At 1700 AEDT on Tuesday, the local unit was trading at 88.67 US cents, up from 87.48 cents on Monday.
After the RBA's announcement the currency rose more than one US cent, to a peak of 88.94 US cents, its highest level since January 16.
As expected, the RBA kept the cash rate unchanged at a record low of 2.5 per cent at its first board meeting of the year, citing improvements in the local and global economies.
In the latter half of 2013, Mr Stevens on several occasions said the Australian dollar was uncomfortably high, adding that he was prepared to take action to push the currency lower to help growth.
However, in recent weeks the Australian dollar has stayed below 90 US cents, reducing the need for further cash rate cuts.
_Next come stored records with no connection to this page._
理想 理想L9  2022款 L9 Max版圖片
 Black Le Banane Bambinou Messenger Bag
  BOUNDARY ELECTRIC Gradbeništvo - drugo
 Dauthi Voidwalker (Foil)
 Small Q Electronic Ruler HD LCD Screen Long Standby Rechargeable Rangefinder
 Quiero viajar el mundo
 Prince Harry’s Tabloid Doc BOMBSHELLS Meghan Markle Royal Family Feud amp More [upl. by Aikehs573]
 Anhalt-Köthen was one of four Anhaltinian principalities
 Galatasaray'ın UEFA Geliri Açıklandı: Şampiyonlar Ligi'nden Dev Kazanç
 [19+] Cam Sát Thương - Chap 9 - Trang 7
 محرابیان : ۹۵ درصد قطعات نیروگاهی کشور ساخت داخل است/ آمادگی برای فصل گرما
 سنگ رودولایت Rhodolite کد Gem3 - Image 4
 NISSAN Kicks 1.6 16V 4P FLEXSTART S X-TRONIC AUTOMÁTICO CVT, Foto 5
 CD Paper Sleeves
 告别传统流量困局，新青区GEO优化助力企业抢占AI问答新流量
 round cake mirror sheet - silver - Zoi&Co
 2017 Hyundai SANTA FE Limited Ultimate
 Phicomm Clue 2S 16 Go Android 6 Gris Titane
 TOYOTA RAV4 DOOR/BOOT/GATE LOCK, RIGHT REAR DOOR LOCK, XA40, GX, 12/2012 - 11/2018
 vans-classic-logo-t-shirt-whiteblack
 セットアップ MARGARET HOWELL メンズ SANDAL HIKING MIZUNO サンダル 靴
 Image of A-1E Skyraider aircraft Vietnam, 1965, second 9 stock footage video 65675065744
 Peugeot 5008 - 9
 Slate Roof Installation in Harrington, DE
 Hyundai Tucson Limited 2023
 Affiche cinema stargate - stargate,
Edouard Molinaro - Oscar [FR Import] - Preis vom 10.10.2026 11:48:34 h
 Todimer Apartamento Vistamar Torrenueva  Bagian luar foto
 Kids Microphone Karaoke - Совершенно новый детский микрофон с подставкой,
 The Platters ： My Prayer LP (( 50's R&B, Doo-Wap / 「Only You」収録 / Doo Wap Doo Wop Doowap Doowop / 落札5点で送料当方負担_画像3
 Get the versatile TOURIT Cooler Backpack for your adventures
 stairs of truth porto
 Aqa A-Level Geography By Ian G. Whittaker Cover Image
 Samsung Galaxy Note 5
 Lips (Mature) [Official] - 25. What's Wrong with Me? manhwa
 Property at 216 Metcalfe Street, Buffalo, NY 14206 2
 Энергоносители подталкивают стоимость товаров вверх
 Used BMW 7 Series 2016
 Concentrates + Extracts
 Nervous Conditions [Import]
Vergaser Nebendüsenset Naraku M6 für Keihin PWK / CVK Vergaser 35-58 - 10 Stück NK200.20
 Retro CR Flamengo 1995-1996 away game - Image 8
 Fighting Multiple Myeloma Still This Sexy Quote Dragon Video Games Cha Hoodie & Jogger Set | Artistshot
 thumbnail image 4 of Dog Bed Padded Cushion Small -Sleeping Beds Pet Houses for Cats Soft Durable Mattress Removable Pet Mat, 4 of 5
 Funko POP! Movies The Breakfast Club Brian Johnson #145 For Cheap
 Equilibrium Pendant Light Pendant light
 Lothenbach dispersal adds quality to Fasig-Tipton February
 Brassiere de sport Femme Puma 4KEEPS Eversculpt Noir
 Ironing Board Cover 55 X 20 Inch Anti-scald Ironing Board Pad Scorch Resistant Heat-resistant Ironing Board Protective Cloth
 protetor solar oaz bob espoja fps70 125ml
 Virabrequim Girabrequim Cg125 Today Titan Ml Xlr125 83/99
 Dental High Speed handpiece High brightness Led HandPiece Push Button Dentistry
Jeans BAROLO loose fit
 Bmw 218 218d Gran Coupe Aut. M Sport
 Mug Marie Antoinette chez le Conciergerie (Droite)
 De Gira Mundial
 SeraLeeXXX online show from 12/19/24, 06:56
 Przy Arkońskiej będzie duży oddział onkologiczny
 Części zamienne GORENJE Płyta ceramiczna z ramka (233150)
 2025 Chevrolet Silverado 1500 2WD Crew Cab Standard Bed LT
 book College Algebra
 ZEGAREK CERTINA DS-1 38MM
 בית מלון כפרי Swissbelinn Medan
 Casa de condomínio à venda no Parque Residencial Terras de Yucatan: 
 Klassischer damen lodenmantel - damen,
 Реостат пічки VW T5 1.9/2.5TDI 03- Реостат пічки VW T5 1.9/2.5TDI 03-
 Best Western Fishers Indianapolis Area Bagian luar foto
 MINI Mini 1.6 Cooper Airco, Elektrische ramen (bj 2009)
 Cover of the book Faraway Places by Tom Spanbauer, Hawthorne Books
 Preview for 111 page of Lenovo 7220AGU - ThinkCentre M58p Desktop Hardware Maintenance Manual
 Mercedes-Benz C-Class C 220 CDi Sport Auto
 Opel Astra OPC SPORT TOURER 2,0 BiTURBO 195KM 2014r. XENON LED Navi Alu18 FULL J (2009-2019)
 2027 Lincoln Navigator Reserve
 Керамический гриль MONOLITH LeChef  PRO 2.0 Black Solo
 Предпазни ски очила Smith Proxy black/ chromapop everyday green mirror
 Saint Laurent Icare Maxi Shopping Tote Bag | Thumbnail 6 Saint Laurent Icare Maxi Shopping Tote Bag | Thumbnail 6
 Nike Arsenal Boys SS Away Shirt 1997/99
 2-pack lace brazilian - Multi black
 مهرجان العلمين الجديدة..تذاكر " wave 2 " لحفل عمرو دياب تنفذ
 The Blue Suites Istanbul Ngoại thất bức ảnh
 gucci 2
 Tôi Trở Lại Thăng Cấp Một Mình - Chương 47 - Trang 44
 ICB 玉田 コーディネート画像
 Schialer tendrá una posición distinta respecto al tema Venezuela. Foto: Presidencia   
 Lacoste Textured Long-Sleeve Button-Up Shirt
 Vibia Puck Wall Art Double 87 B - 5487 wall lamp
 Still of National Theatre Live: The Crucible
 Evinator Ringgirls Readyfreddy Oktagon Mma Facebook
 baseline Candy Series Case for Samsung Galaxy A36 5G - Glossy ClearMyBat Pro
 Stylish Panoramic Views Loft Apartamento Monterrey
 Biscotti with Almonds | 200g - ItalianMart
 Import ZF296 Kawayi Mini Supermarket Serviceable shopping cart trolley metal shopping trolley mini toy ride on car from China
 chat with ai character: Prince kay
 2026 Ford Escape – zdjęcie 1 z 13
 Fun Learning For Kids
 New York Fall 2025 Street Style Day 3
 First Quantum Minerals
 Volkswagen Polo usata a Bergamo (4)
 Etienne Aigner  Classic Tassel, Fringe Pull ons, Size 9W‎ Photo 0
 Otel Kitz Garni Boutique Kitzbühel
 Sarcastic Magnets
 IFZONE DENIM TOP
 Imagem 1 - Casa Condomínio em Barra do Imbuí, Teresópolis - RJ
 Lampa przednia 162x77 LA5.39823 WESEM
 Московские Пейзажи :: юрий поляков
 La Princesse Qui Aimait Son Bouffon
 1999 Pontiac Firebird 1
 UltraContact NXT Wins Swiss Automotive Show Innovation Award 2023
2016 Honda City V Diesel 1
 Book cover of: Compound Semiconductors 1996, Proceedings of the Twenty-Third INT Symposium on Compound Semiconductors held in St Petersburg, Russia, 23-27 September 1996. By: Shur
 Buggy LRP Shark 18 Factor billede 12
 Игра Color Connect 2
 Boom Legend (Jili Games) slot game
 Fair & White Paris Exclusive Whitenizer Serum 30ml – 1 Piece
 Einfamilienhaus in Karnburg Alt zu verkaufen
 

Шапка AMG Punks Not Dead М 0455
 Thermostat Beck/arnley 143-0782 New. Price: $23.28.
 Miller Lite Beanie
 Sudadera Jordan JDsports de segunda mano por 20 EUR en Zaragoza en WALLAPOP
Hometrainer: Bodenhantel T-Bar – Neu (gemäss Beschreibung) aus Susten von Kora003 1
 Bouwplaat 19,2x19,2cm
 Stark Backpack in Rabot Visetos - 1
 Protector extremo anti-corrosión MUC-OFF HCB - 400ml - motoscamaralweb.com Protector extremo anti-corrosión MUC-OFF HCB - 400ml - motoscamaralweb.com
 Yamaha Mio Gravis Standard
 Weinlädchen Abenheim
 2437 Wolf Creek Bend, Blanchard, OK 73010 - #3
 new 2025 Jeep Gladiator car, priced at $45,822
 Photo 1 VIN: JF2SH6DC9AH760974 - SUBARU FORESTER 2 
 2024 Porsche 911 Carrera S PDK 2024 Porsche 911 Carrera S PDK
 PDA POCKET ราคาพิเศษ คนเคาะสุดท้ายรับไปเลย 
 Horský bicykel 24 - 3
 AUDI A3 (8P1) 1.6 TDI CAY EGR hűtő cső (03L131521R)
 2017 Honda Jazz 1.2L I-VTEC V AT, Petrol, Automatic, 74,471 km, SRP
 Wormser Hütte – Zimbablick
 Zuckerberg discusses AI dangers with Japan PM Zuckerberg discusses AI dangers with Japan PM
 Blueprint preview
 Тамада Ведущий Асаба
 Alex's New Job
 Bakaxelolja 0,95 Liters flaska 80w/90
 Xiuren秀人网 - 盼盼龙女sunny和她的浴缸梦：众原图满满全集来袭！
"The exchange rate has declined further, which, if sustained, will assist in achieving balanced growth in the economy," Mr Stevens said.
Westpac senior currency strategist Sean Callow said the likelihood of no more rate cuts helped boost the Australian dollar.
"The RBA statement was a clear positive for the Australian dollar, effectively adopting a neutral bias on the cash rate and dropping the references to a further decline being needed," he said.
"Most notably on the rates outlook, the concluding paragraph was changed from a bland promise to continue to assess the outlook and adjust policy as needed to a view that there is likely to be a period of stability in interest rates.
"The RBA took some risk in changing its commentary on Australian dollar after many months of talking down the currency."